▶ TASK TO COMPLETE: Task for the records below: repeat the line containing "this 1024×709 image." and every line after it, exactly and with nothing else, but leave out the pictures.

Free-text object descriptions:
┏━━
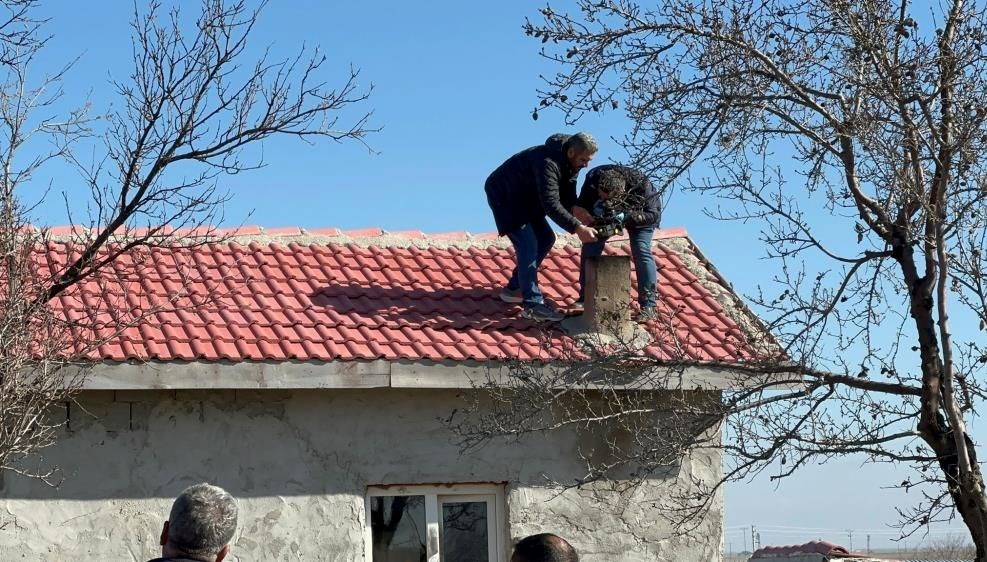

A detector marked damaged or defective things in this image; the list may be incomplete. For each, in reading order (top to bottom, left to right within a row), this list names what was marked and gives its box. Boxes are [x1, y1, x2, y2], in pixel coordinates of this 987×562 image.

cracked wall [0, 388, 720, 556]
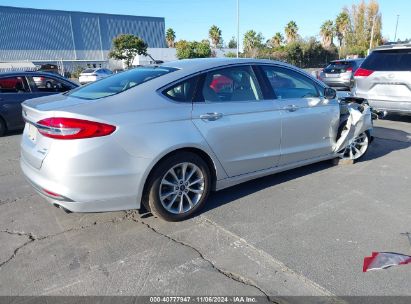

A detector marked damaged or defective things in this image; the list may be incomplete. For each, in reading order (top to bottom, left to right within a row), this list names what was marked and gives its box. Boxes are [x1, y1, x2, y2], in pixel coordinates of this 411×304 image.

crumpled hood [23, 94, 94, 111]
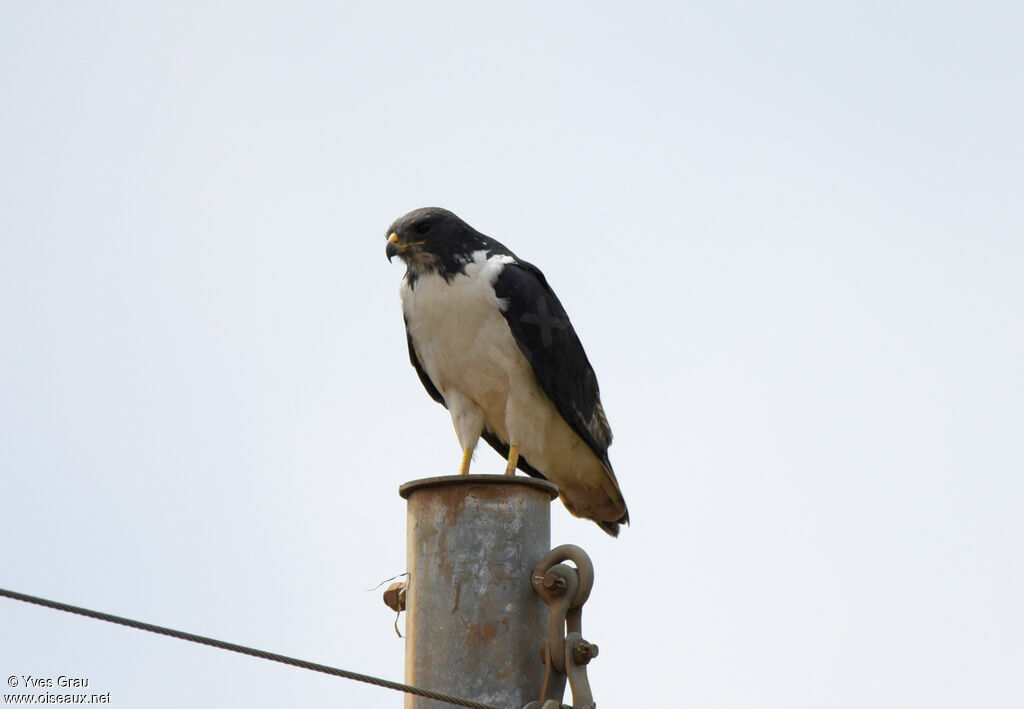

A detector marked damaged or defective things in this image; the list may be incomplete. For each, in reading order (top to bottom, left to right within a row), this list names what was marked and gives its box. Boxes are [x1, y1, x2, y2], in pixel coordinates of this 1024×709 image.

rusty metal cylinder [399, 473, 561, 709]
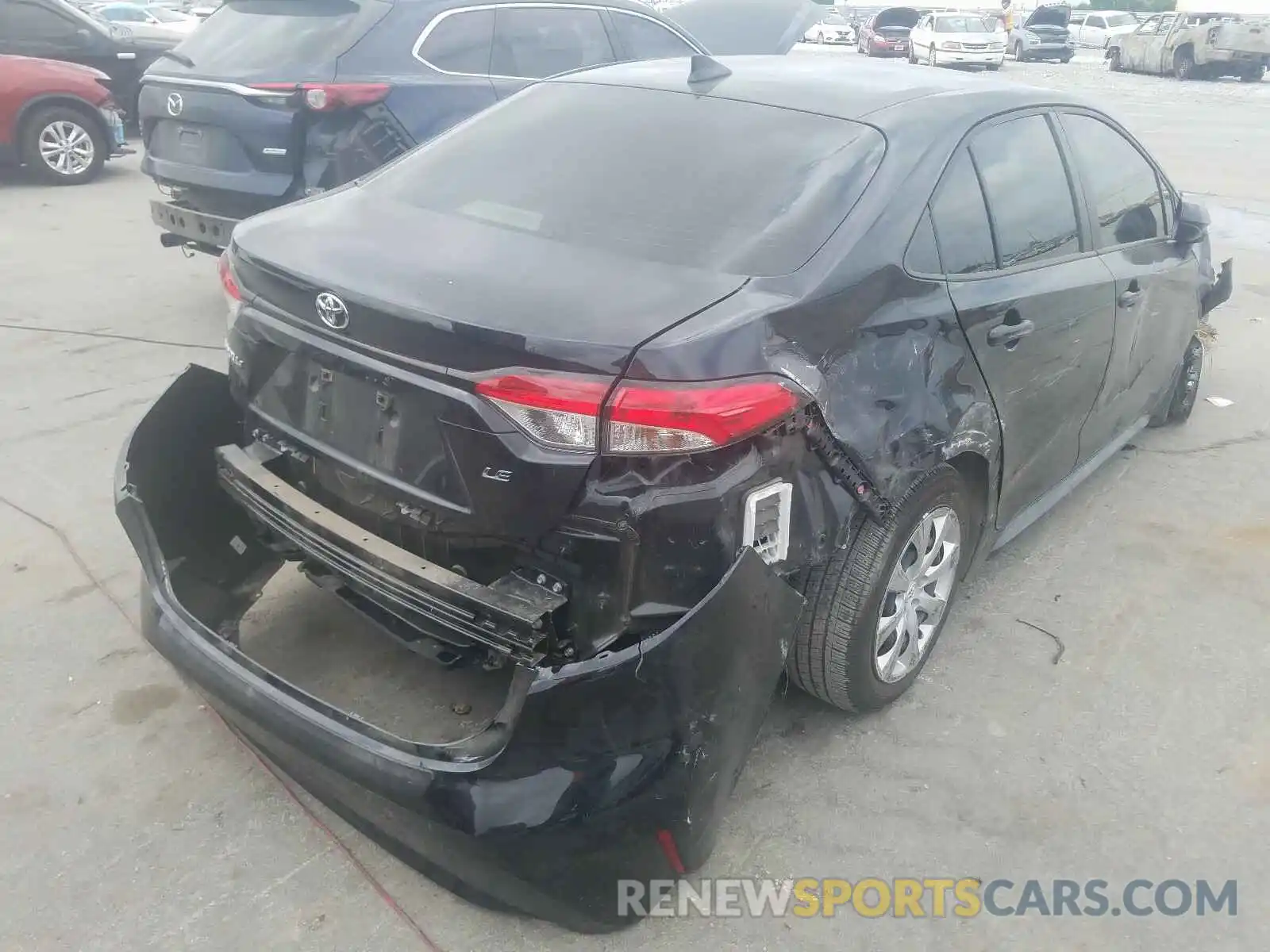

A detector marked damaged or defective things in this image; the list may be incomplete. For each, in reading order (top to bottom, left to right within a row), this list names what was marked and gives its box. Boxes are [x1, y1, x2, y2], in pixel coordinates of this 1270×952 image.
┗━━
▶ WRITTEN RESPONSE:
A detector marked damaged or defective things in this image; the list may be incomplete. For each, in reading order (top to bottom, left to right within a row), this list names what was marked and gives its box. Boxes are [x1, y1, x2, y2], in pixel coordinates of this 1024×709 image.

rusty metal cylinder [399, 473, 561, 709]

A detector marked damaged or defective things in this image; the list may be incomplete. For each, in reading order (top to bottom, left to right within a row), this list names what was marked and gives its box. Boxes are [x1, y1, x2, y2], in pixel coordinates of this 1270×952 image.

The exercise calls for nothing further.